As an aside, when a few pages later, Hythloday, moves to the subject of war, he presents them as near pacifists: "They detest war as a very brutal thing, and which, to the reproach of human nature, is more practised by men than by any sort of beasts. They, in opposition to the sentiments of almost all other nations, think that there is nothing more inglorious than that glory that is gained by war." It turns out that there are only three official justifications for war: (i) "either to defend themselves or their friends from any unjust aggressors;" (ii) or to "assist an oppressed nation in shaking off the yoke of tyranny." In addition, and somewhat surprisingly also (iii) "offensive wars" but they never do that "unless they had been consulted before the breach was made, and, being satisfied with the grounds on which they went, they had found that all demands of reparation were rejected, so that a war was unavoidable." Hythloday seems to have forgotten the justification for colonial wars.

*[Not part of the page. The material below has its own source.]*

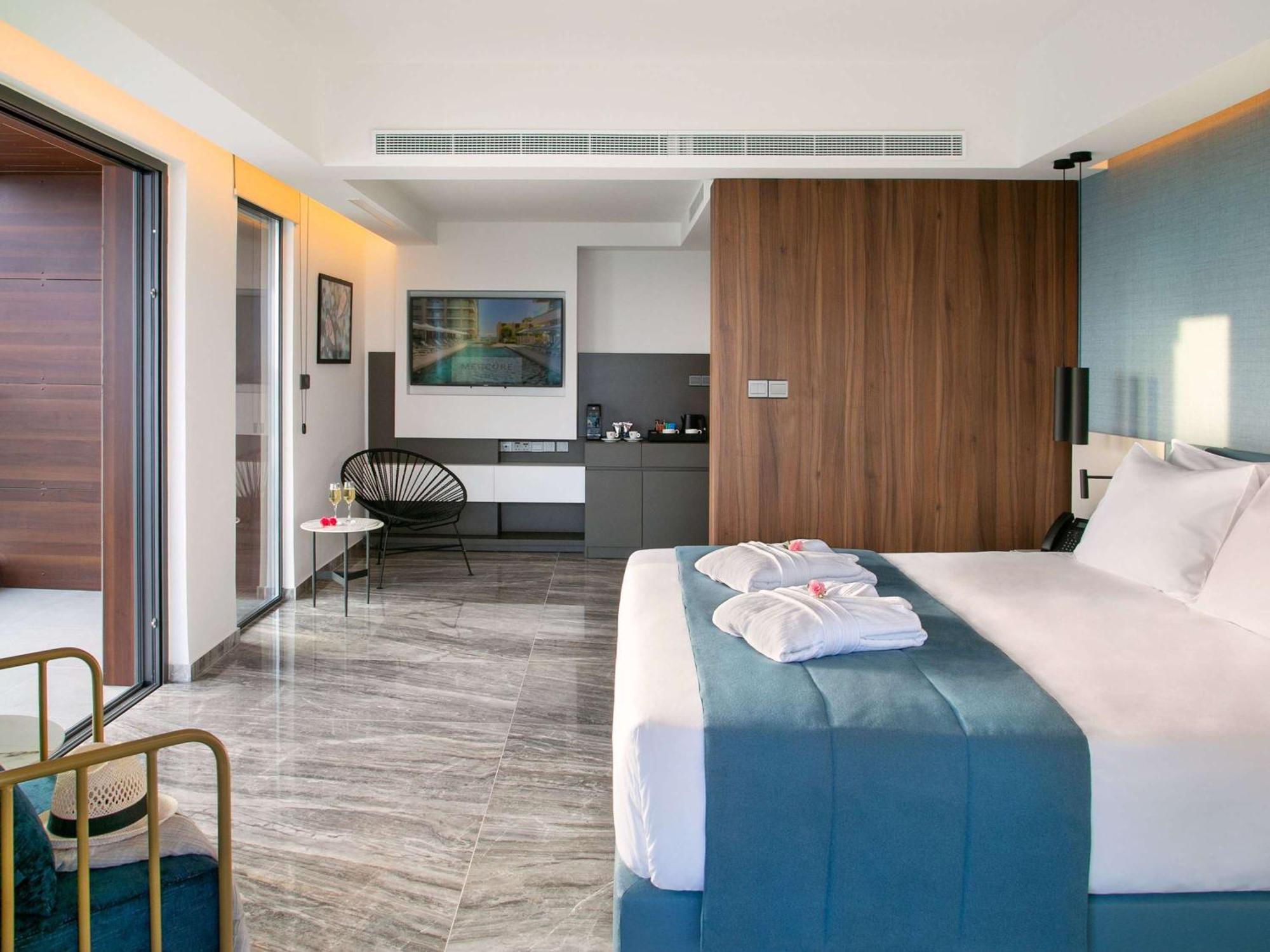 Mercure Larnaca Beach Resort Dış mekan fotoğraf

To return to the main argument. The Utopian justification for colonial wars is, of course, not just rooted in version of the right of necessity. As we have seen it also relies on the idea that one has no right to keep others from appropriating uncultivated land. When Utopia was published (1517), the Spanish were just starting their colonial projects. (Hythloday is presented as Portuguese who had traveled, in part, with Amerigo Vespucci.) So, the book has an uncanny prophetic quality. It is, then, no surprise that this feature of the Utopian justification for colonial wars are thought to anticipate Locke (recall):
Nor was this appropriation of any parcel of land, by improving it, any prejudice to any other man, since there was still enough and as good left, and more than the yet unprovided could use. So that, in effect, there was never the less left for others because of his enclosure for himself. For he that leaves as much as another can make use of, does as good as take nothing at all. Nobody could think himself injured by the drinking of another man, though he took a good draught, who had a whole river of the same water left him to quench his thirst. And the case of land and water, where there is enough of both, is perfectly the same.

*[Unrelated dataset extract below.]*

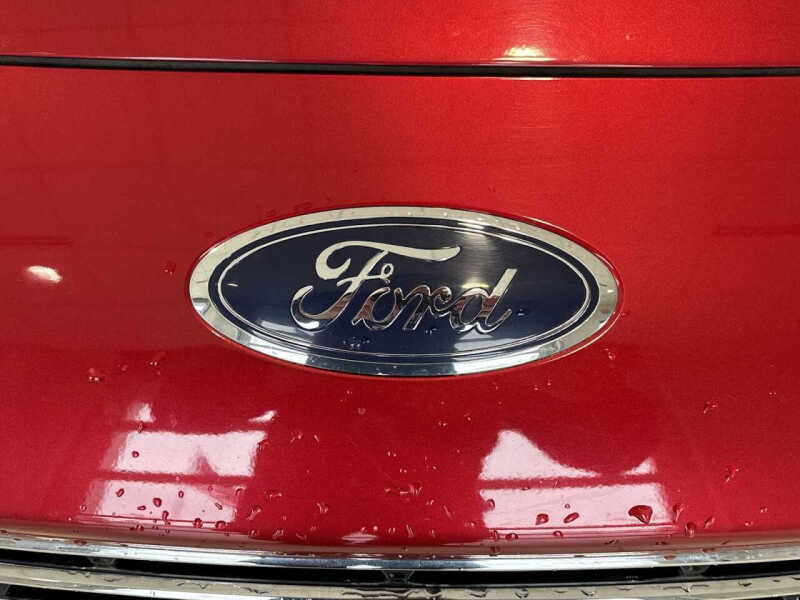 2022 Ford Escape Plug-In Hybrid Titanium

It is uncanny how much this resembles the Utopian frame of mind. After all, the whole point of Utopian ideology and practice is to improve the land. Of course, the Utopians have no interest in defending individual property rights (Locke); their colonies also embrace communal ownership.+ And while I don't mean to suggest that the Utopians have an explicit formulation of the spoilage condition, they would clearly endorse it.*
I close with three observations: first, the pre-history of the Lockean proviso explicitly involves a colonial project. Second, the Lockean proviso has roots in very egalitarian tendencies (for the in-group); this suggests that -- pace my colleague Bas Van der Vossen -- the left libertarian interpretation of Locke may well be defensible on broader contextual grounds.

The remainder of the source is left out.